StockMarketWire.com - The EUR/JPY broke through a 24-month level of ¥123.85 in today's trading as the euro continues to make fresh highs against the majority of it counterparts. Strength indicators have since pulled back from an overbought level, which now identifies the next area of resistance looks to be at ¥127.48.

EUR/USD pushed higher to $1.3579 as Italian bond purchases see yields on the ten-year fell to 4.17% from Decembers level of 4.48%, which could be an indication of confidence returning to the Euro zone.

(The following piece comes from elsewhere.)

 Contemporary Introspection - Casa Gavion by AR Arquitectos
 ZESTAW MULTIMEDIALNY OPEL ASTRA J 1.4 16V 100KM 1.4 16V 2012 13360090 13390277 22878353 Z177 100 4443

The US dollar which saw gains following the better-than-expected ADP non-farm employment change (192k) wiped out as the data was followed by a much weaker-than-expected Q4 GDP figure of -0.01%.

Cable continues the rally as it reaches $1.5793 – the pair will be targeting a psychological level of $1.5805, which if broken should see a move higher with a target of $1.5886. The pair are well supported by strength indicators and both 50/100-day sma's.

The biggest mover of the day, so far is the NZD/CHF, falling 0.63% from 0.7718 to a low of 0.7622. The move is in hand with a large scale move into the Swiss franc, possibly by investors looking to decrease US dollar holdings ahead of the FOMC announcement later today (19:15GMT).